• _Work request_
Write out each record below exactly, but not the pictures.

• _Data shown_
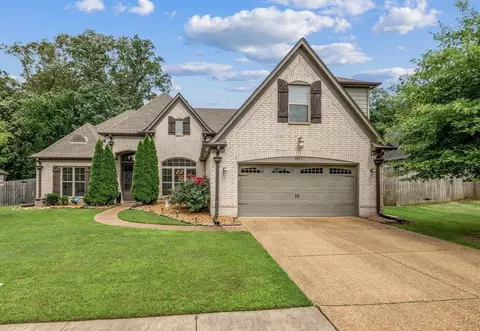 2452 Crimson Ridge Ln, Cordova, TN 38016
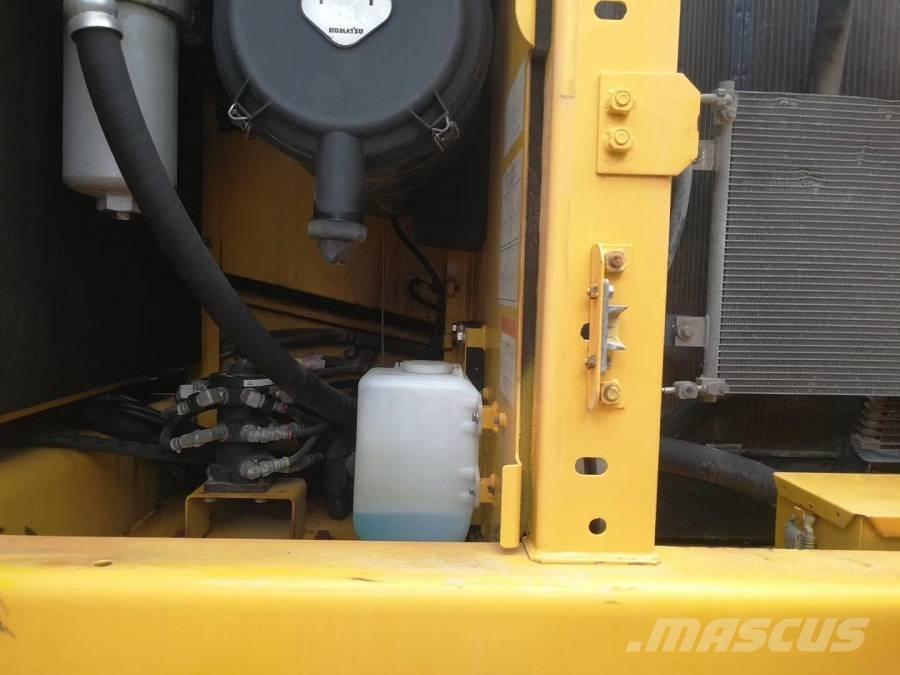 Komatsu pc200-8 حفارات زحافة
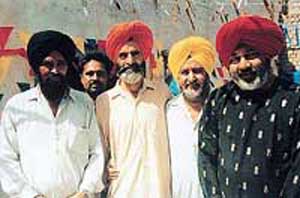 Singhparivar@jallandar.com ..Punjabi teenage tale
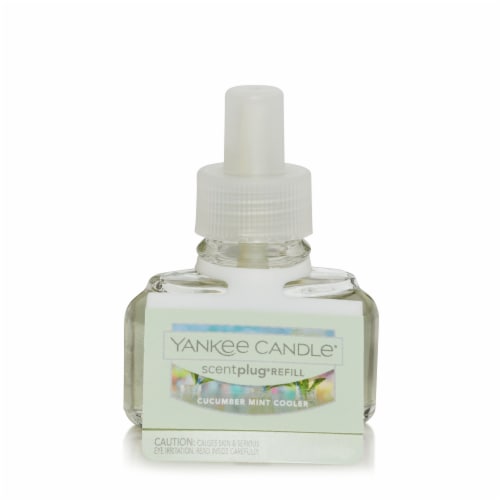 Yankee Candle® Cucumber Mint Cooler ScentPlug® Refill Perspective: front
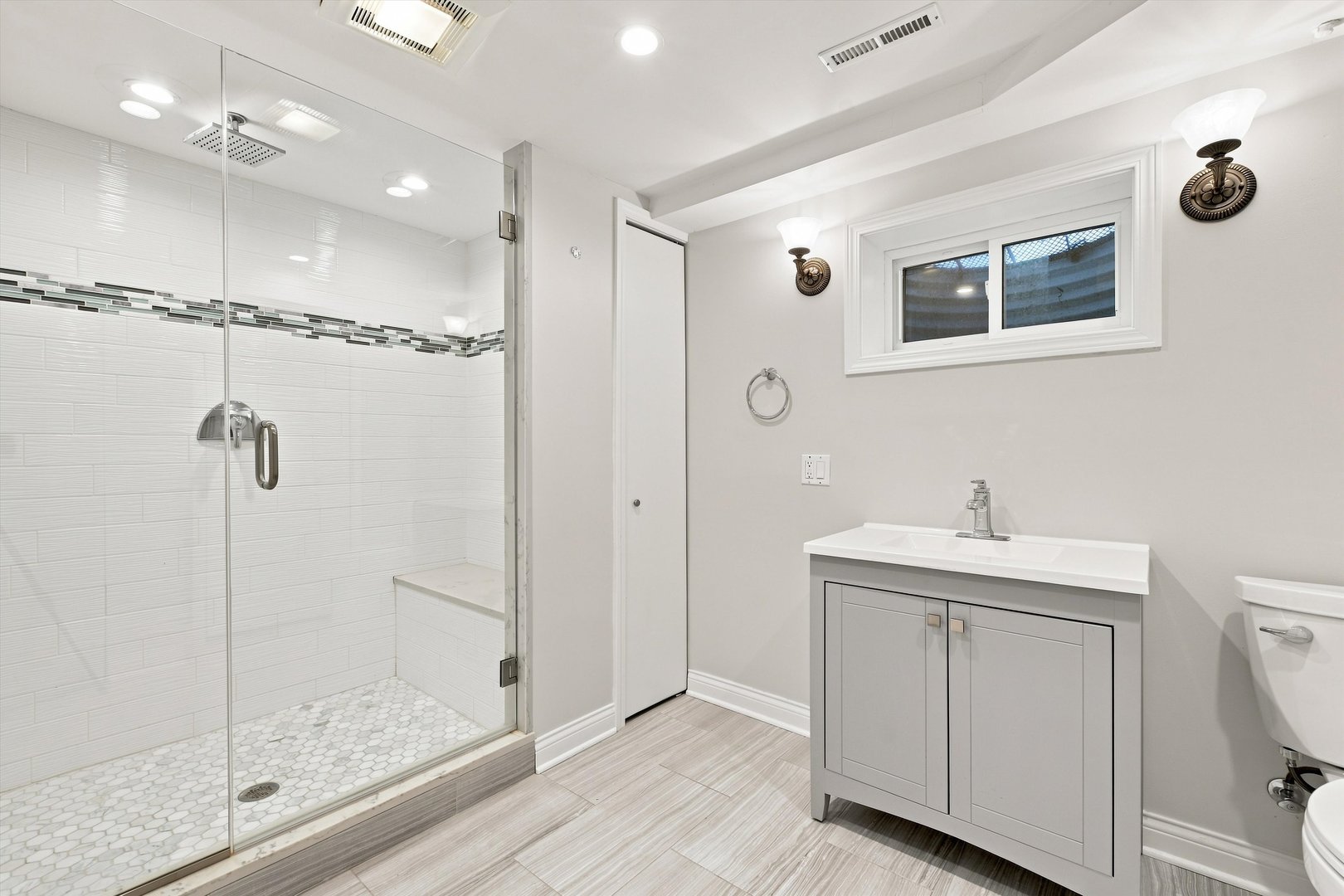 1727 Ellendale Drive Property Photo 15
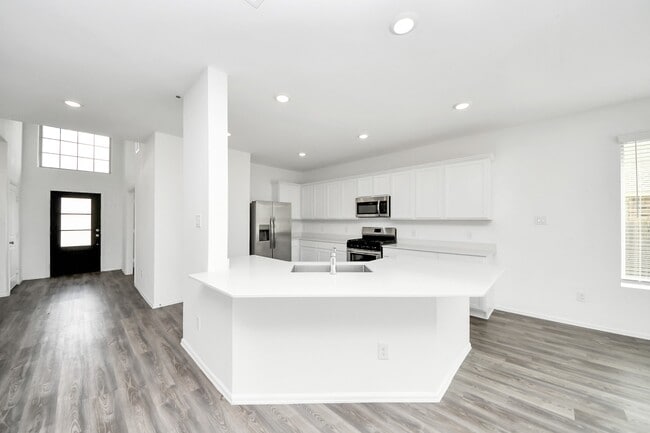 Foto del edificio - 3815 Moss Hl Rd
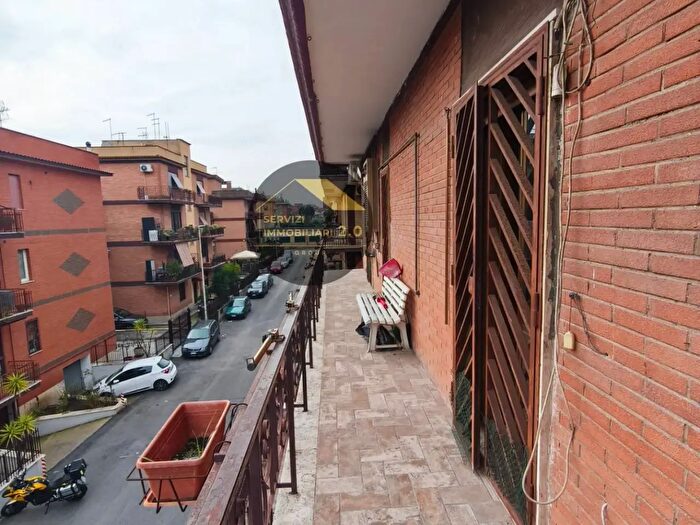 Appartamento quadrilocale in vendita in Via Nicola da Guardiagrele, Roma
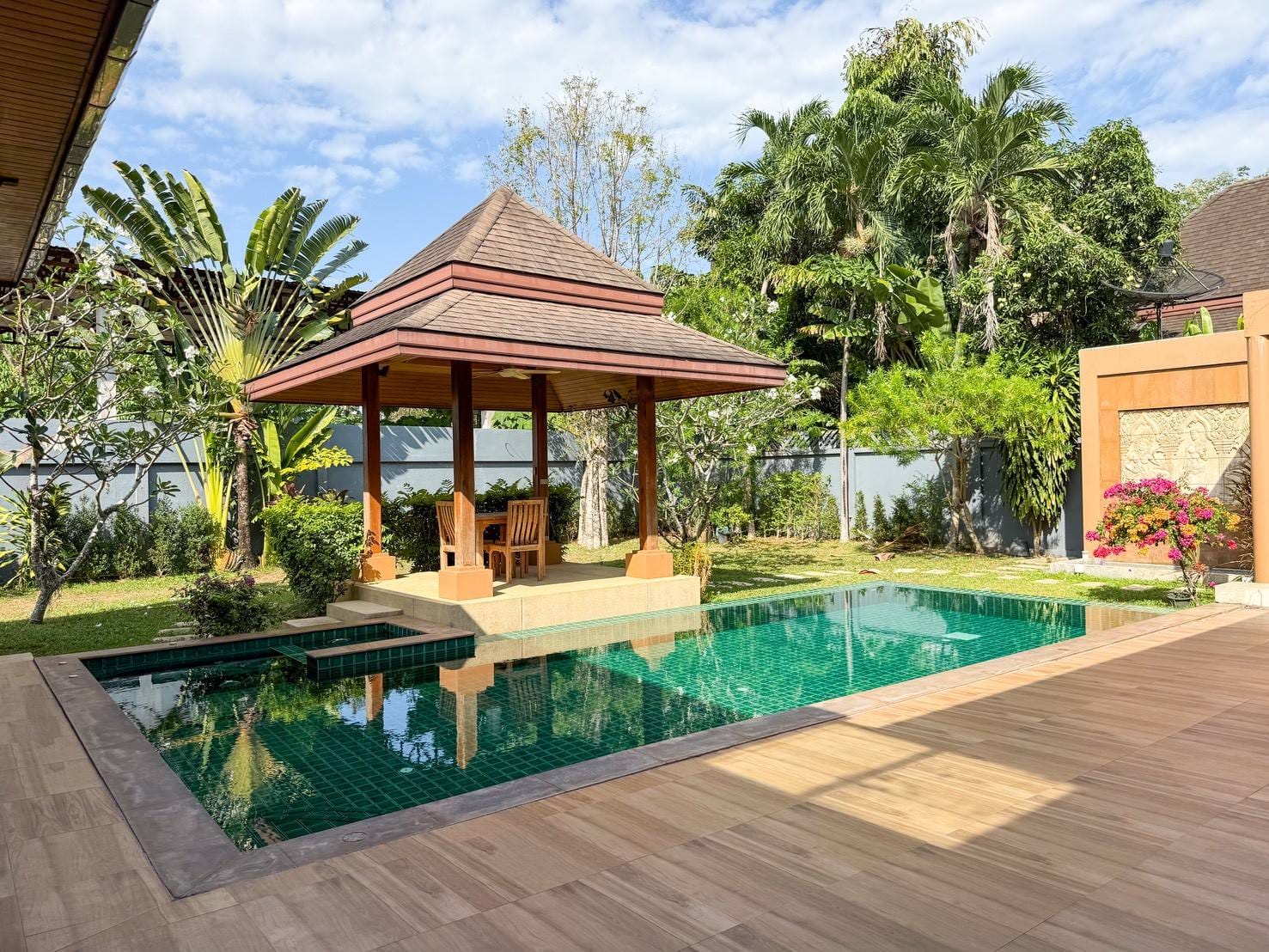 Resort-Style Tropical Pool Villa — Koh Kaew 18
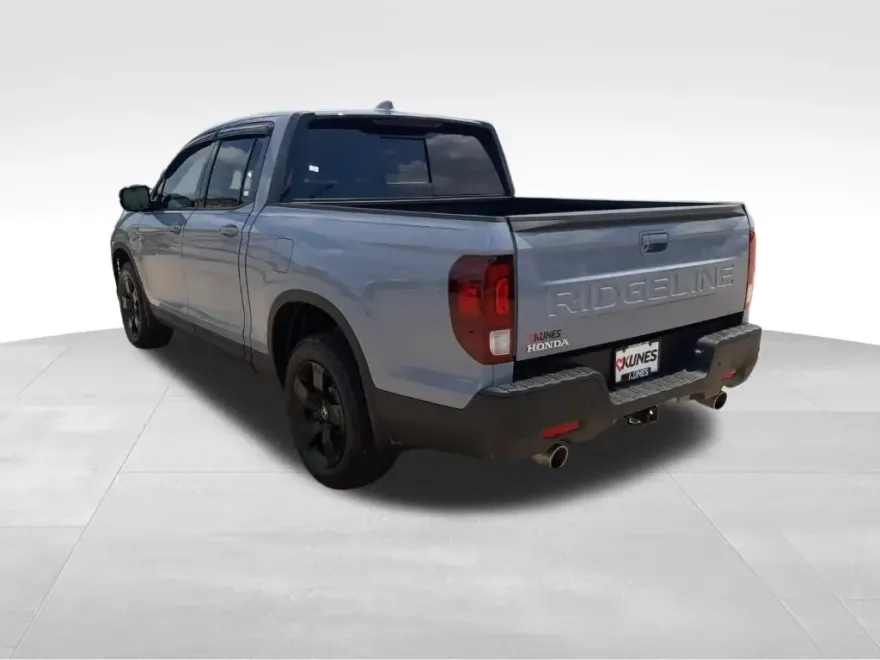 2024 Honda Ridgeline Black Edition photo 1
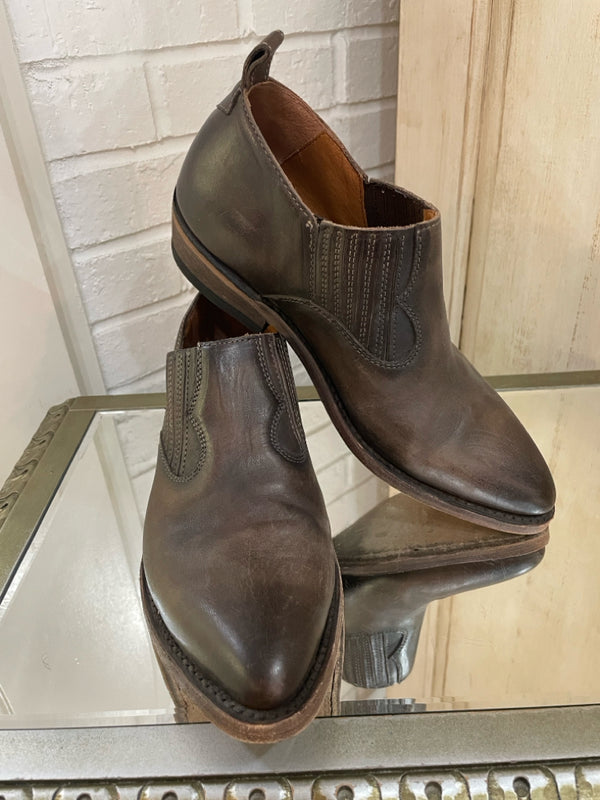 FRYE Size 8 Espresso Booties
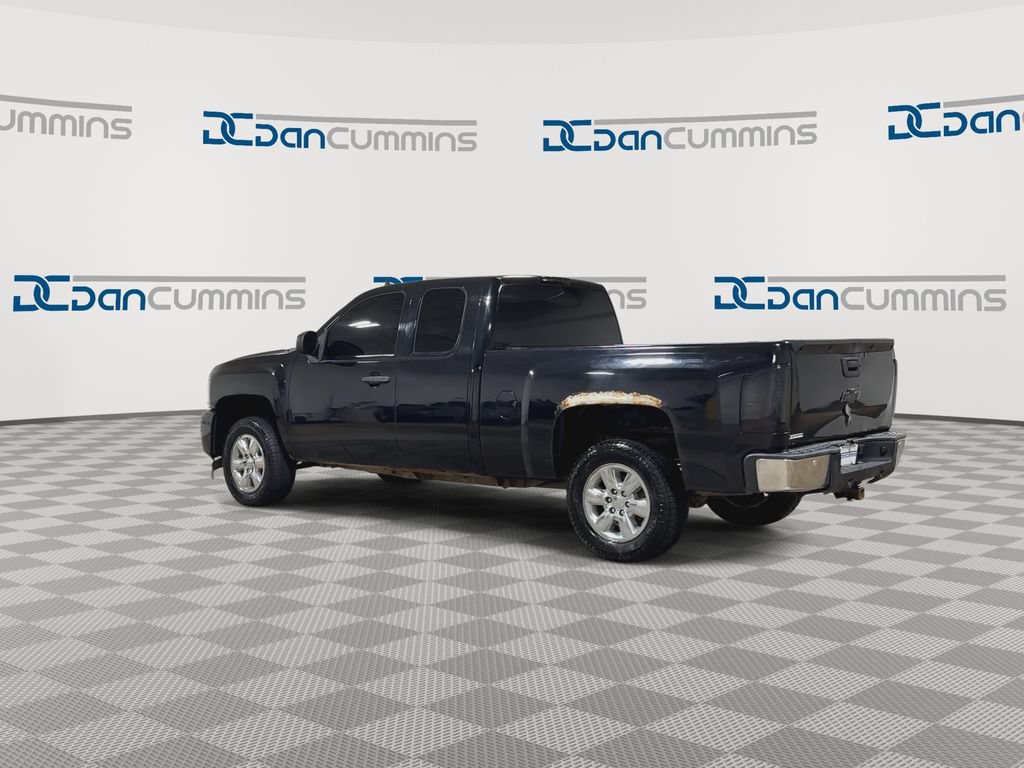 Used 2011 Chevrolet Silverado 1500 LT w/ All-Star Edition AWD/4WD image 6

• _Written response_
 2452 Crimson Ridge Ln, Cordova, TN 38016
 Komatsu pc200-8 حفارات زحافة
 Singhparivar@jallandar.com ..Punjabi teenage tale
 Yankee Candle® Cucumber Mint Cooler ScentPlug® Refill Perspective: front
 1727 Ellendale Drive Property Photo 15
 Foto del edificio - 3815 Moss Hl Rd
 Appartamento quadrilocale in vendita in Via Nicola da Guardiagrele, Roma
 Resort-Style Tropical Pool Villa — Koh Kaew 18
 2024 Honda Ridgeline Black Edition photo 1
 FRYE Size 8 Espresso Booties
 Used 2011 Chevrolet Silverado 1500 LT w/ All-Star Edition AWD/4WD image 6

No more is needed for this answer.